This week I’ve visited the Blanca Soto gallery, where art has taken part of the Barrio de las Letras de Madrid. There, the artist Juan Manuel Ciria breaks the gallery’s walls and exhibits his work full of colored spots on the streets. He baptized this explosion of color Ataraxia. The artist tells us what he tries to explain with his work: “Ataraxia is the absence of disturbance. A state of serenity and tranquility. An order of balance without perturbation, in correspondence with reason, feelings, and the soul. It’s to achieve freedom and tranquility by getting away from material banalities, external fortune, dedicating ourselves to a life guided by the principles of reason and virtue.”
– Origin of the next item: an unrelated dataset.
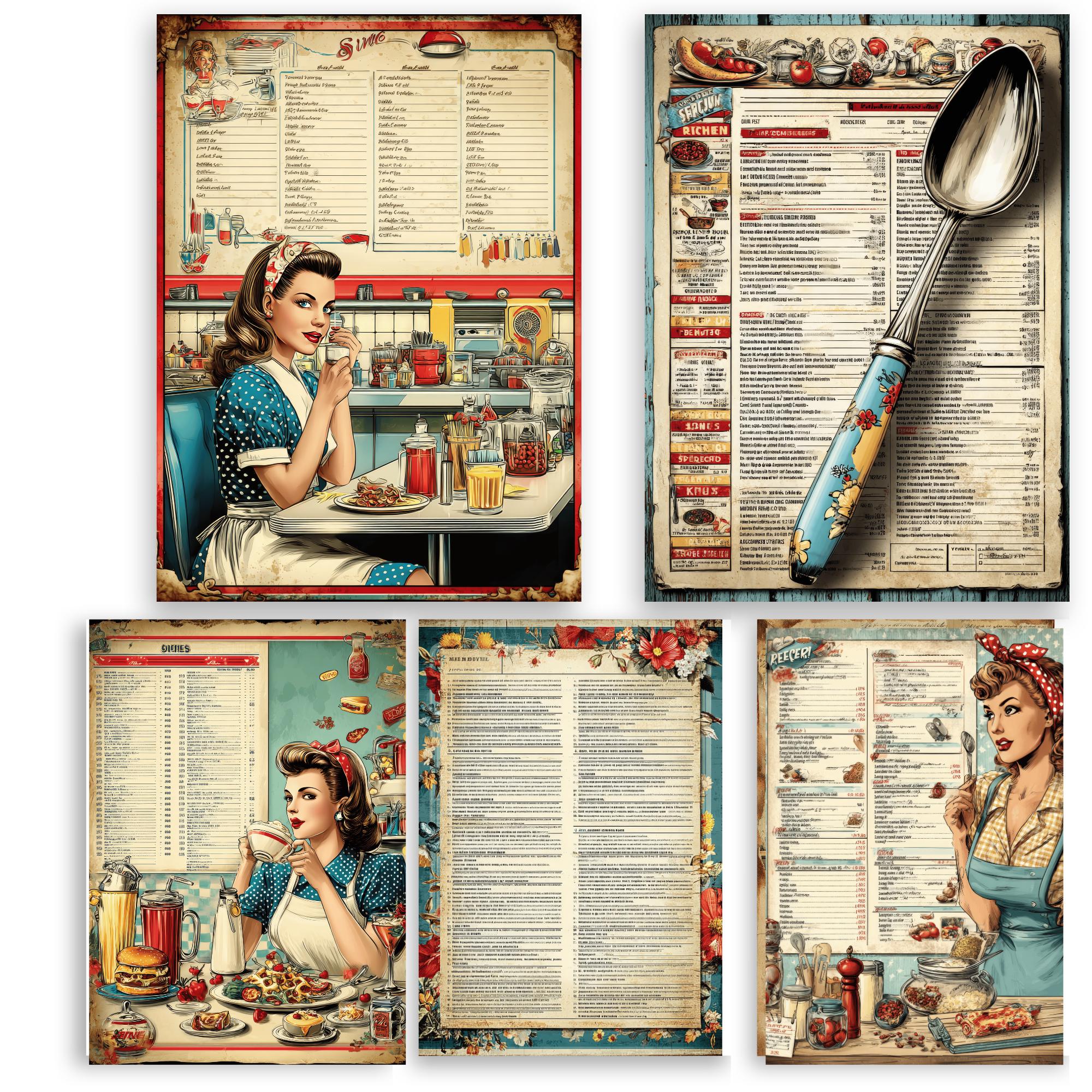 Retro Kitchen Junk Journal Kit Vintage 50s Housewife Ephemera Pin up ...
The Pure Expression of Color
Through spots of color, Ciria expresses his feelings to us: When he exhibits his works in an outdoor environment, the light changes its vibrations and magic happens, the color possesses us. The color, however, isn’t tangible, but rather a sensation that produces an inner sound that depends on the type of light perception each one of us has.
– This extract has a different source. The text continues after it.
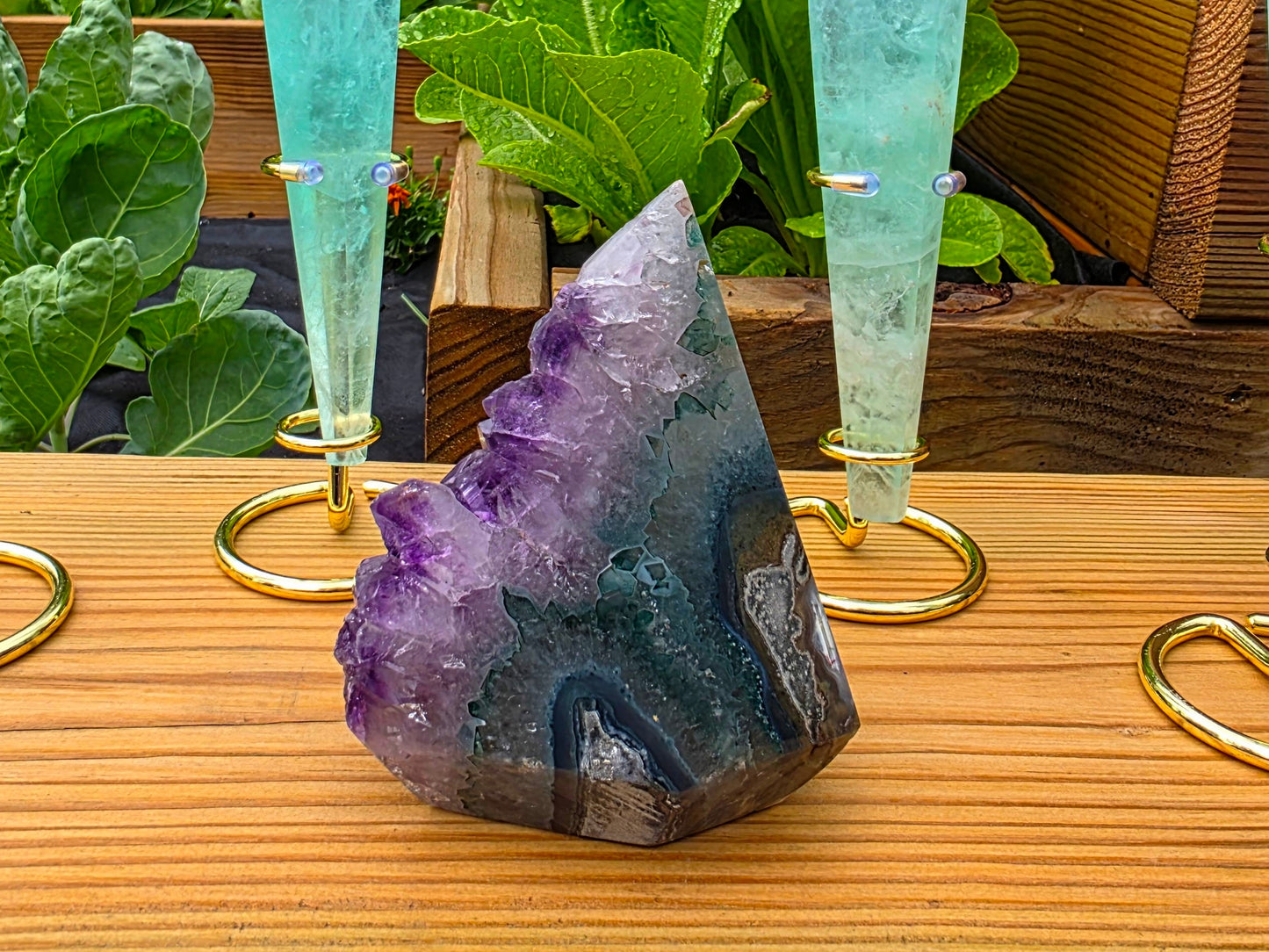Amethyst Agate Diamond Tower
Kandinsky explains that “color is the keyboard, the eyes are the hammers, the soul is the piano with many strings.” Artists, especially after the XX century -and particularly in Bauhaus-, have investigated this connection between color and sound, this feeling is called synesthesia. The Oxford Dictionary defines synesthesia as: “The production of a sense impression relating to one sense or part of the body by stimulation of another sense or part of the body.” This happens when you see a color and you get to feel or hear its vibration.
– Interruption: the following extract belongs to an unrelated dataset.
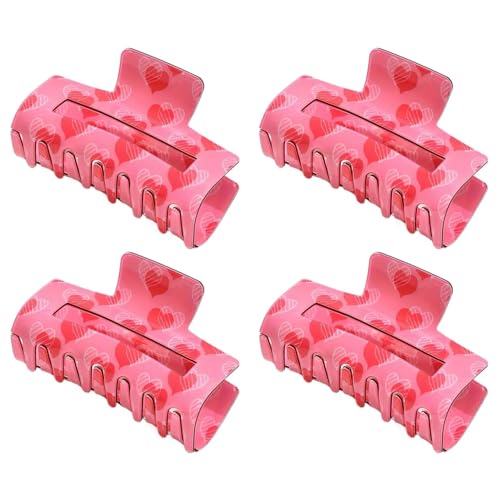 Dicke Haarspangen, 4 Stück, Rechteckige Haarklammer Mit Herzmuster, Rutschfester Haarspangen Damen Haar Mit Starkem Halt, Rechteckige Haarklammer Als Kopfbedeckungs-Accessoire von Jingmiger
Art Is Not Seen with the Eyes, but with the Mind
I see the sky through Ciria’s canvas painted with spots. With the light’s vibration, colors start to play music, a visual music. The canvas comes to life with the clouds’ movement. The artist makes me a collaborator in the adventure of his work’s creation. From reading his canvas filled with poetry, a harmonic vibration that makes music flow is born from its spots and color. And that music is only heard inside me. The perception of a work of art, the sensory experience, depends on the sensitivity, culture, spiritual and intelectual concerns of the spectator; and thus, it always stirs up something different in each of us. It’s like Duchamp said: “Against every opinion, it’s not the painter but the viewer who makes the work.”
The Melody of Color
After visiting Ciria’s work, we’ll talk about the sensations it stirs up in us as we see the blue sky and the clouds moving through the spots of color in his canvases. In our experimentation table, we’ll have acrylics, paper, paint brushes of different sizes, and a music player. We’ll hear different melodies, with different rhythms and styles, and then we’ll translate them into color. We’ll spot the paper by choosing the colors transmitted to us through what we hear. We’ll paint music and each one of us will create our own color theory. After that, we’ll make a small exhibition of our work and we’ll talk about the sensations each color makes us feel and what has been awoken inside us by hearing different types of music. I invite you to let yourself be inspired by our experimentation and try it at home, are you up to develop your own color theory?